Mark Slobin has been appointed the Richard K. Winslow Professor of Music. Slobin is an ethnomusicologist whose research interests span the music of Afghanistan and central Asia, the music of eastern European Jews in Europe and North America, general theory of ethnomusicology, and ethnomusicology of film. He has served as President of the Society for Ethnomusicology, as President of the Society for Asian Music, as Editor of Asian Music, and as Series Editor of American Musicspheres (Oxford University Press). His awards include the the Seeger Prize from the Society for Ethnomusicology (1969), the ASCAP-Deems Taylor Award (1983 and 2001), Lifetime Achievement in Jewish Studies from the Foundation for Jewish Culture (2006), and Honorable Mention (with Chana Mlotek)—the Curt Leviant Award in Yiddish Studies from the Modern Languages Association (2008). He has been awarded grants from the Wenner-Gren Foundation, the National Endowment for the Arts, the Lucius Littauer Foundation, and the International Research and Exchanges Board. He is author of more than 40 articles and author or editor of 18 books, most recently Music at Wesleyan: From Glee Club to Gamelan (forthcoming from Wesleyan University Press); Folk Music: A Very Short Introduction (Oxford University Press, 2010); Global Soundtracks: Worlds of Film Music (Wesleyan University Press, 2008); American Klezmer: Its Roots and Offshoots (University of California Press, 2002); and Fiddler on the Move: Exploring the Klezmer World (Oxford University Press, 2000). He received his B.A., M.A., and Ph.D. from the University of Michigan.

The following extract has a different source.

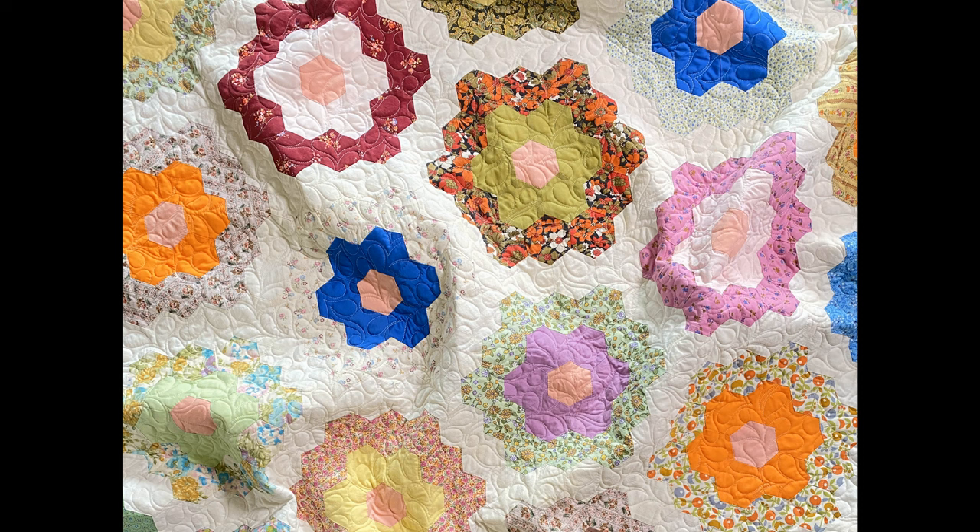Did you branch into sewing other things like garments or was quilt making already your love? I didn't really have time — I was a very busy teenager, and then I went to college. But I've always had an interest in learning. I actually just joined a membership geared toward quilters to make garments — it's from Sewing Squares. Having done both, they're two really different skills, but those who love working with fabric might enjoy doing both things.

Magda Teter has been appointed the Jeremy Zwelling Associate Professor of Jewish Studies. Teter is a scholar of Jewish history and early modern Europe, focuses on the multifaceted topic of Jewish-Christian relations, especially in the religious and cultural history of Poland. Her work has been supported by the Harry Frank Guggenheim Foundation, the Memorial Foundation for Jewish Culture, YIVO Institute, and the Yad Ha-Nadiv Foundation (Israel), among others. In 2002, she was a Harry Starr Fellow in Jewish Studies at Harvard University, and in 2007-2008, an Emeline Bigelow Conland Fellow at the Radcliffe Institute for Advanced Studies also at Harvard University. Her first book, Jews and Heretics in Catholic Poland: A Beleaguered Church in the Post-Reformation Era (Cambridge University Press, 2006) was awarded the Jewish Studies Publication Prize by the Koret Foundation. She is also author of From Bread to Blood, from Sin to Crime: Sacrilege and Jews after the Reformation (Harvard University Press, forthcoming) and editor, with Adam Teller, of Early Modern Poland: Borders and Boundaries, in Polin, v. 22 (Oxford: Littman Library of Jewish Civilization, 2009). She is author of more than 15 articles in English, Hebrew, and Polish, and has delivered more than 35 conference papers. She serves on the editorial board of The AJS Review, the Sixteenth Century Journal, and Polin. She received an M.A. from the School of Oriental Studies at the University of Warsaw, Poland, and her M.A., M.Phil., and Ph.D. from Columbia University.